Dès le départ, nous sommes plongés dans une ambiance poisseuse – celle d’une journée d’été pluvieuse et étouffante ; les couloirs de l’école craquent, menaçants ; les couleurs elles-mêmes sont à la fois désaturées et trop envahissantes. Plus le temps passe, plus le film se déleste des amarres du réalisme, jusqu’à proposer des visions métaphoriques. Les affects de ses personnages envahissent alors la diégèse, comme avec le bleu d’un projecteur qui change la colorimétrie de l’image ou les scènes de lutte d’Elizabeth chorégraphié comme de la danse.

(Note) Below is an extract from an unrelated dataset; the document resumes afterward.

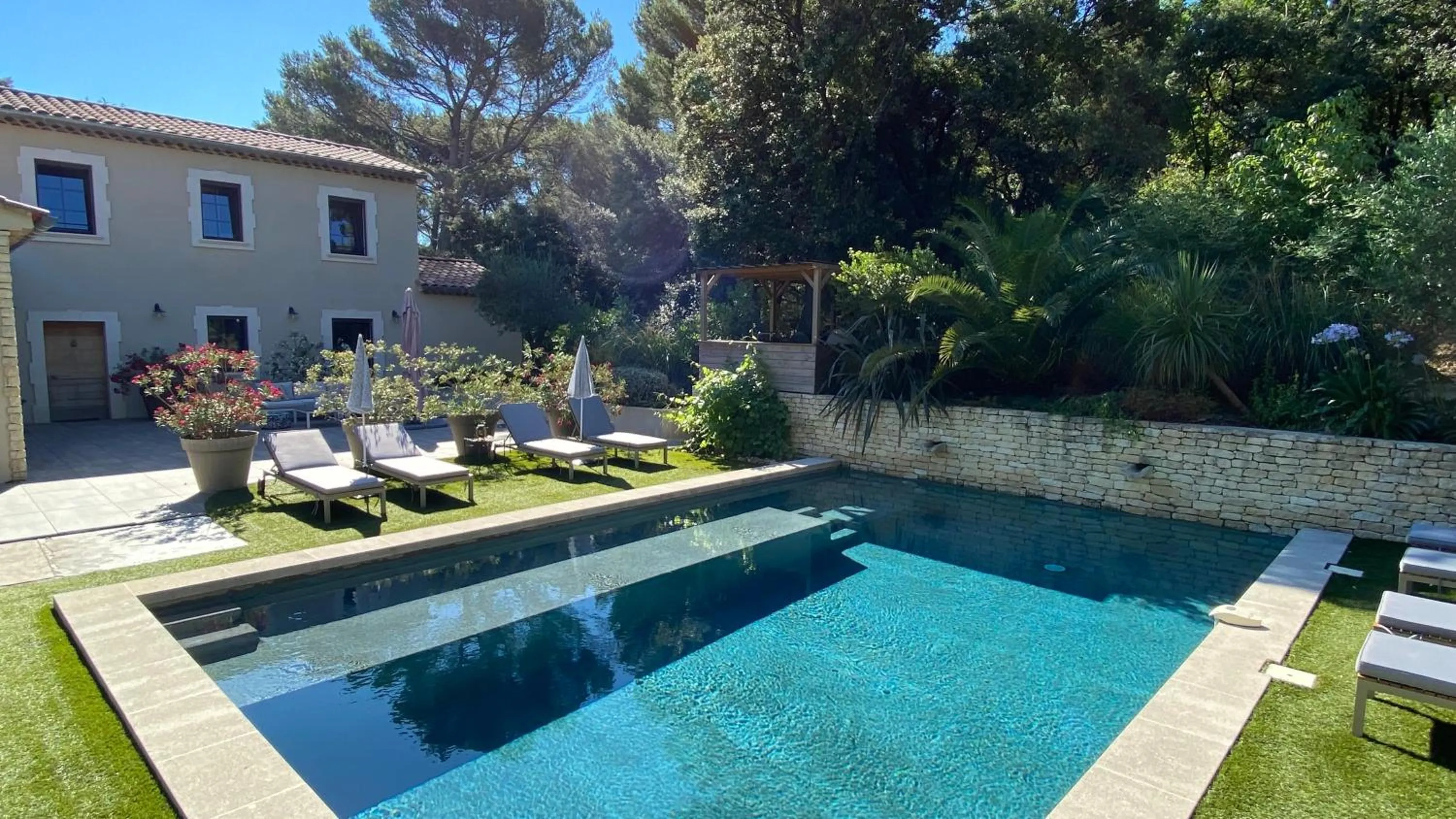 Day in La Villa Dupont d'Avignon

À travers cette esthétique « expressionniste », le cinéaste questionne la vérité et l’arbitraire. L’histoire tourne autour d’un événement rapporté par et aux différents protagonistes ; personne ne peut dire avec certitude ce qui s’est passé. En revanche, chacun·e l’interprète en fonction de ses propres biais, voire de ses intérêts. L’intelligence du cinéaste norvégien est de ne pas isoler la neuro-atypie d’Elizabeth mais au contraire de montrer l’incommunicabilité à travers une perte de repères générale, qui touche tous les personnages.
Poussant le public dans ses retranchements avec une scène de fou rire difficile à regarder, il donne à l’actrice Renate Reinsve, révélée à l’international par Julie en 12 chapitres en 2021, un nouveau rôle à performance. Armand n’est pas un film aimable, et souffre de quelques longueurs, mais sa capacité à fissurer la réalité pour lui donner du sens est magistral.
Réalisé par Halfdan Ullmann Tøndel (Norvège, Suède, Allemagne, Pays-Bas, 117 minutes) avec Renate Reinsve, Ellen Dorrit Petersen, Thea Lambrechts Vaulen.